Available records
********************

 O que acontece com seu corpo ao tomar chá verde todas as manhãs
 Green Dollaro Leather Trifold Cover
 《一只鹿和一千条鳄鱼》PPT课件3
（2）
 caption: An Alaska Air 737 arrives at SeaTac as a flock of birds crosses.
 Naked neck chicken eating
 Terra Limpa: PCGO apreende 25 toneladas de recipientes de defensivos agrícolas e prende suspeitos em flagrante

********************

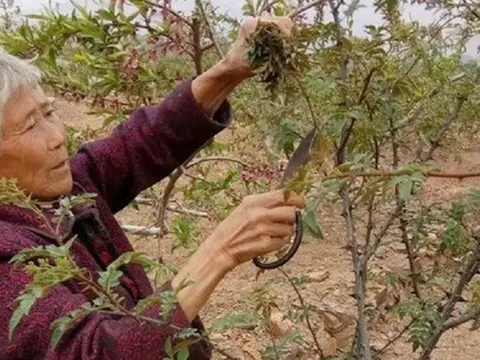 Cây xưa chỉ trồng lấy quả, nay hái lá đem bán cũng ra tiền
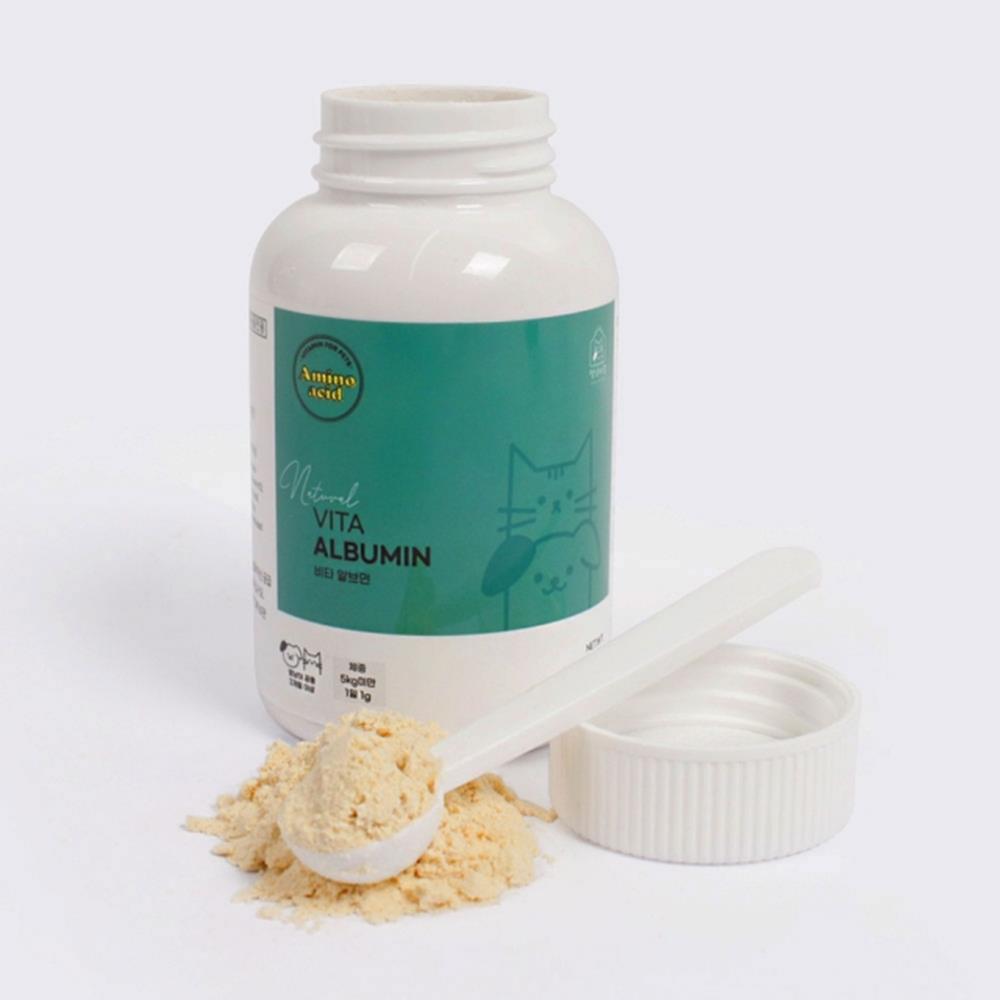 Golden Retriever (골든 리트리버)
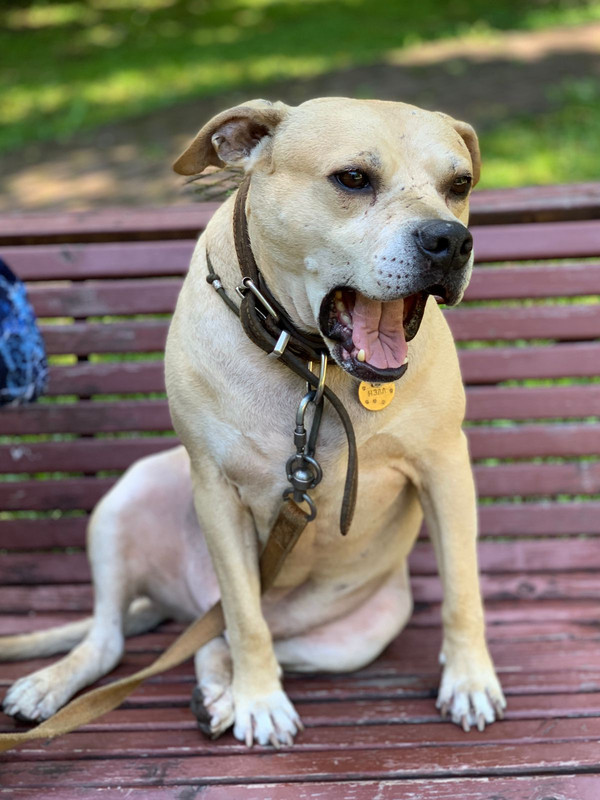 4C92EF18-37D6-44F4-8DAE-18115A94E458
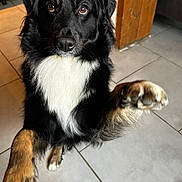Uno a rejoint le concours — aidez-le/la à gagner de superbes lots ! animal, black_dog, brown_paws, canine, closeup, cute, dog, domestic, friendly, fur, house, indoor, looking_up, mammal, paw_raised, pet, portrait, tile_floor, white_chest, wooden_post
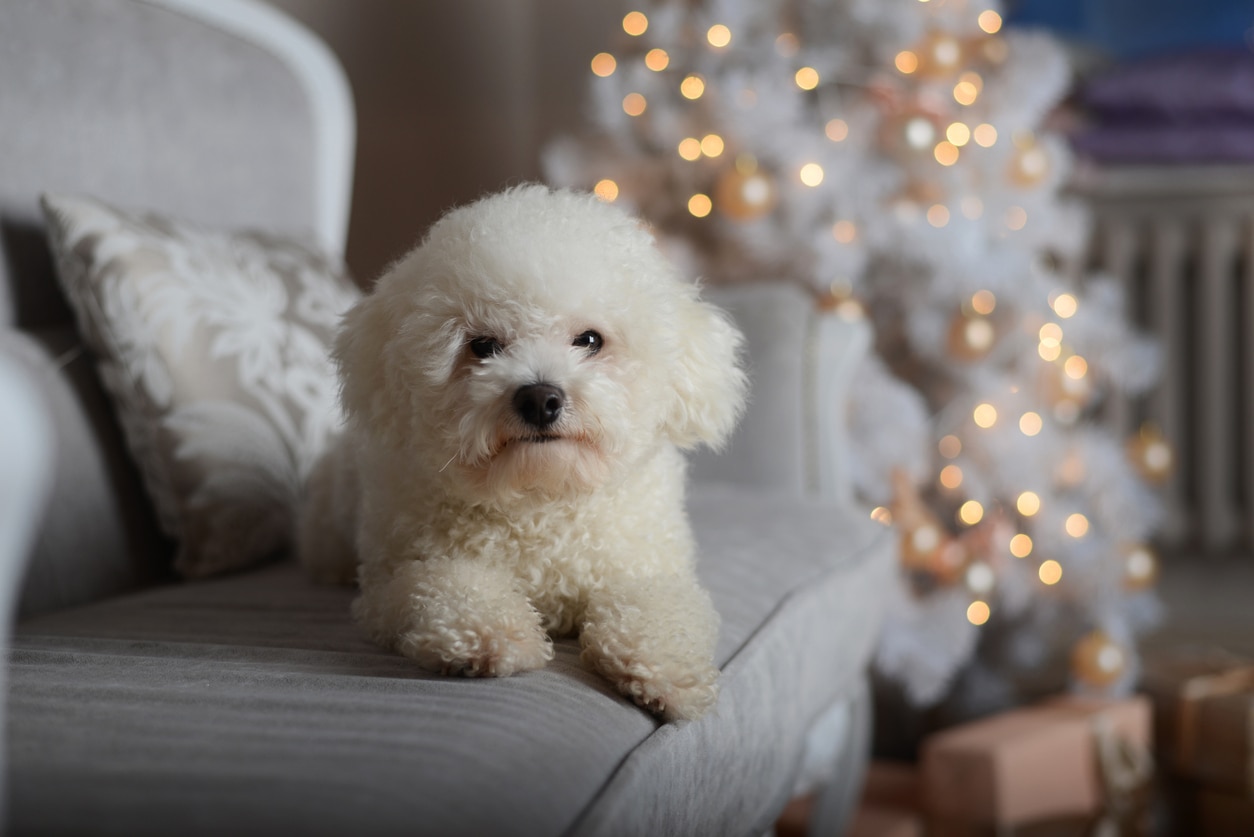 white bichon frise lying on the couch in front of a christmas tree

********************

Leaving out each picture, repeat exactly the lines above from the one that contains "Uno a rejoint" through the one that contains "white bichon frise".

Written solution
Uno a rejoint le concours — aidez-le/la à gagner de superbes lots ! animal, black_dog, brown_paws, canine, closeup, cute, dog, domestic, friendly, fur, house, indoor, looking_up, mammal, paw_raised, pet, portrait, tile_floor, white_chest, wooden_post
 white bichon frise lying on the couch in front of a christmas tree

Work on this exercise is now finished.